/git-of-theseus

Analyze how a Git repo grows over time

Primary LanguagePythonApache License 2.0Apache-2.0

travis badge pypi badge

Some scripts to analyze Git repos. Produces cool looking graphs like this (running it on git itself):

git

Installing

Run pip install git-of-theseus

Running

First, you need to run git-of-theseus-analyze <path to repo> (see git-of-theseus-analyze --help for a bunch of config).
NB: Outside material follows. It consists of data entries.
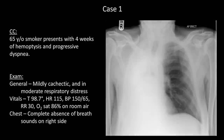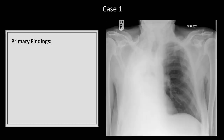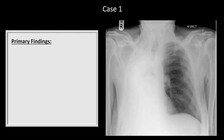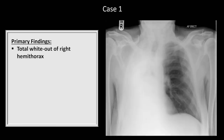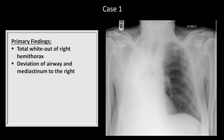Case 1. A 65-year-old smoker presents with four weeks of hemoptysis and progressive dyspnea. Feel free to pause the video here. The primary radiographic finding in this first case isn't exactly subtle. There is complete whiteout of the right hemithorax with rightward deviation of the trachea, as well as the entire mediastinum. The left lung appears normal.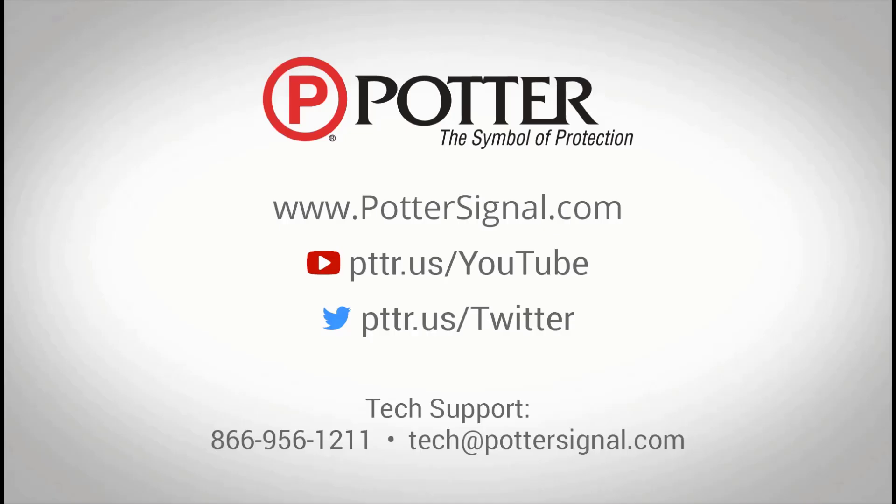For additional questions about the Potter product, please contact technical support at the phone number or email address shown on the screen. And as always, don't forget to follow us on social media.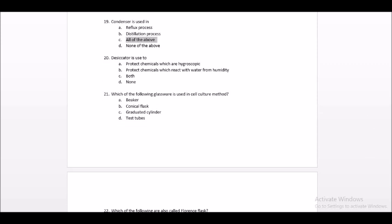Question number 20: A desiccator is used to protect chemicals which are hygroscopic and protects chemicals which react with water and humidity. This applies to both methods. The answer is option C — both.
This will analyze a repository and might take quite some time.

After that, you can generate plots! Here are some ways you can do that:

  1. Run git-of-theseus-stack-plot cohorts.json which will write to stack_plot.png
  2. Run git-of-theseus-survival-plot survival.json which will write to survival_plot.png (run it with --help for some options)

If you want to plot multiple repositories, have to run git-of-theseus-analyze separately for each project and store the data in separate directories using the --outdir flag. Then you can run git-of-theseus-survival-plot <foo/survival.json> <bar/survival.json> (optionally with the --exp-fit flag to fit an exponential decay)

Help

AttributeError: Unknown property labels – upgrade matplotlib if you are seeing this. pip install matplotlib --upgrade

Some pics

Survival of a line of code in a set of interesting repos:

git

This curve is produced by the git-of-theseus-survival-plot script and shows the percentage of lines in a commit that are still present after x years. It aggregates it over all commits, no matter what point in time they were made. So for x=0 it includes all commits, whereas for x>0 not all commits are counted (because we would have to look into the future for some of them). The survival curves are estimated using Kaplan-Meier.

You can also add an exponential fit:

git

Linux – stack plot:

git

This curve is produced by the git-of-theseus-stack-plot script and shows the total number of lines in a repo broken down into cohorts by the year the code was added.

Node – stack plot:

git

Rails – stack plot:

git

Plotting other stuff

git-of-theseus-analyze will write exts.json, cohorts.json and authors.json. You can run git-of-theseus-stack-plot authors.json to plot author statistics as well, or git-of-theseus-stack-plot exts.json to plot file extension statistics. For author statistics, you might want to create a .mailmap file to deduplicate authors. For instance, here's the author statistics for Kubernetes:

git

You can also normalize it to 100%. Here's author statistics for Git:

git

Other stuff

Markovtsev Vadim implemented a very similar analysis that claims to be 20%-6x faster than Git of Theseus. It's named Hercules and there's a great blog post about all the complexity going into the analysis of Git history.